Ellen had always tried not to make biased decisions based on her own taste in men, but to go with the analytics and how well the couples looked together on screen. It was an intuitive process, and she was pretty successful at choosing.  If that wasn’t the case, the algorithms would have replaced the whole department long ago, as the computer would have a higher strike rate than its operator. In many ways, analysts had taken a more and more marginal role since the indefinable intuition they brought to matches was the last element yet to be modelled effectively by the systems architects. The algrithm was already able to make initial matches infinitely more quickly, and the basics were always right for first dates. People met and liked what they saw, and got together for dating, as G-Match advertised. But it was later, when the first, biological attraction wore thin that the auto-matches tended to fall down, and the Analyst matches tended to be more resilient. It had been one of the mysteries of G-Match which loads of modelling resources had been poured into. What changes between that attraction, driven by sexual lust and desire, and the feelings which are laid down during the courting process, which leads to stable relationships and families? Building a mathematical model for predicting factors in that change, based on millions of G-match experiences, was the job of Software Development and the Psychodynamics unit, but everyone in Insights had their own theories.

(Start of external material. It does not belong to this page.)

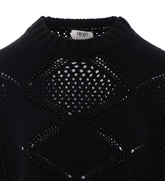 MAGLIA CON PERLINE E TRAFORATURE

“One of my guys has been on about twenty first dates, and a few second dates, but he finally chose this girl I wouldn’t have expected would be right for him. She scored higher on submissiveness than most of the others, but also had quite high scores for independent decision-making and persuasiveness. She was lower scoring on alure, BMI and problem-solving than almost all the rest.  I think he just found her less hard work, and he was tired of dating.” Ellen was musing over the issue with Magda in the coffee room.

“Yes, but I’ve had the opposite too. Remember that life coach who picked the bloke with the anger management issues? They never stopped fighting, and his PQ was way higher than the others we offered her, but once they got to the three month point, his PQ kept going down. She seemed to choose him as a project, and whatever happened, she beat him into shape, which must’ve been what he secretly wanted. God I’d hate to have such a weak man!” Magda had married a strong silent type in the police.

Ellen always felt that her pairings were based on a particular look in the eye of the candidates, something indefinable which put two people together who belonged together. G-Match had millions of successes and failures to compare, and not just the initial data on each, but also the continuous monitoring which a couple provided through their informagear and camfeeds. The G-Match algorithms were self-improving, and the first anniversary strike-rates of computer matches were catching up with the best of the Analysts’ choices. Inevitably, Ellen’s future in the role was going to be short-lived, once the computer model overtook human intervention.

When the announcement was made about the cuts, Jade assured Ellen that she was in the top quartile on strike-rate and that it would stand to her when they made their choice. But Ellen knew how little this platitude was worth, given Jade’s ultimate self-interest and her protected status.